RECORDS:
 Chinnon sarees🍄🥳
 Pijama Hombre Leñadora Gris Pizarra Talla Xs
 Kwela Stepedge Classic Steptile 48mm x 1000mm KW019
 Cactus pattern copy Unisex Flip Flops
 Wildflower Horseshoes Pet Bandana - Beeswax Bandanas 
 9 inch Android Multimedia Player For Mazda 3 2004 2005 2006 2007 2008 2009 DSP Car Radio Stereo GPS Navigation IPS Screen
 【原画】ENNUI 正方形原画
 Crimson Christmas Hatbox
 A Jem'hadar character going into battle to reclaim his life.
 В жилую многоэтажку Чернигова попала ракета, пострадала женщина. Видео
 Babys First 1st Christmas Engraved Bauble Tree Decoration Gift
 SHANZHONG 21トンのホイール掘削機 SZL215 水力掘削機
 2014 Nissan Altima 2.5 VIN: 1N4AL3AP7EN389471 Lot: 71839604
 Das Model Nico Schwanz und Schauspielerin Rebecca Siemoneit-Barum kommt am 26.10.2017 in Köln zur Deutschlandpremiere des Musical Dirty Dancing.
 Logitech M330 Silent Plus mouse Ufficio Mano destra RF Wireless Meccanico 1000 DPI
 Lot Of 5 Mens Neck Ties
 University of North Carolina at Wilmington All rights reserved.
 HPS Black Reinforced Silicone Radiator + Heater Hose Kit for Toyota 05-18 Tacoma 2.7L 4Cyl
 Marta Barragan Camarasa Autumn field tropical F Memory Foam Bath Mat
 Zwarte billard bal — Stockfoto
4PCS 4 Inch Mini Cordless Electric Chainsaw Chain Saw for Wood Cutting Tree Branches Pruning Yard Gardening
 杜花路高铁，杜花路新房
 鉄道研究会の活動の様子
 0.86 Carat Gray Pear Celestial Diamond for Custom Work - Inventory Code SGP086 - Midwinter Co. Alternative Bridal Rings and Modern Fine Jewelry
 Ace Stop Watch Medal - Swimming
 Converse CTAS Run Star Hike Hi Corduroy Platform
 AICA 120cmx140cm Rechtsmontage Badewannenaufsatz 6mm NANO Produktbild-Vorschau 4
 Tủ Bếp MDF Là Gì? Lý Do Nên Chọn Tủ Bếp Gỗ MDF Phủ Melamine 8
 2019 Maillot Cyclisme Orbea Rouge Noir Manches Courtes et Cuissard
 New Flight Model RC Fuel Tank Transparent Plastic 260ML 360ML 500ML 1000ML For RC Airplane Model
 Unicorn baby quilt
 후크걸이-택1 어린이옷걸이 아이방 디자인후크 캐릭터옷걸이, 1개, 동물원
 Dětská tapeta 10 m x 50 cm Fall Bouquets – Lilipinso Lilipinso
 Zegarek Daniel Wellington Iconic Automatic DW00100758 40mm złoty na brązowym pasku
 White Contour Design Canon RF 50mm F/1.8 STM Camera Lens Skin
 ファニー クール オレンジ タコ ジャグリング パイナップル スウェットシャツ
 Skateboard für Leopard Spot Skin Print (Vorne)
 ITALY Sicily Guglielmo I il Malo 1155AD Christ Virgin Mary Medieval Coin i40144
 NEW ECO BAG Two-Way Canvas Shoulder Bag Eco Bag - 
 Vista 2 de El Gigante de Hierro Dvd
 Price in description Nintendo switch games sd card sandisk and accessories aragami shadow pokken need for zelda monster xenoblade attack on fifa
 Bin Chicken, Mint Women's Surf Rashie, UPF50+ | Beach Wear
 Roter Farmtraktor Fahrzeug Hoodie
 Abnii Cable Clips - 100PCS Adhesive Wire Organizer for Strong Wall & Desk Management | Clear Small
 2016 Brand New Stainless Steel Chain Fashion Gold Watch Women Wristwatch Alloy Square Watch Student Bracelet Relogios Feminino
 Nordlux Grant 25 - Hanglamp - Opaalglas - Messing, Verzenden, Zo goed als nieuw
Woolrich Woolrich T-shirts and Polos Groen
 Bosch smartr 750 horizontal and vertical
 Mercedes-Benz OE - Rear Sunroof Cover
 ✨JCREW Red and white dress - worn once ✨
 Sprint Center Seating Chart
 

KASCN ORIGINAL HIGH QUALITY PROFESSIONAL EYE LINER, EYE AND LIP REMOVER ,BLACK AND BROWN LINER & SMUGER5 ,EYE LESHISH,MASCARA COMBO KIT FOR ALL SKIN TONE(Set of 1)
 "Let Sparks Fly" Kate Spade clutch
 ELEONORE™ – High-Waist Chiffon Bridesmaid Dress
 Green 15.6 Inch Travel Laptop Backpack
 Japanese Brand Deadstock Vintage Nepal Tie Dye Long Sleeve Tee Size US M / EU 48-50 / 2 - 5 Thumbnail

GOAL OF THE EXERCISE:
Could you state the number of lines above in which the word "Watch" appears? Give that number by itself.

WRITTEN SOLUTION:
2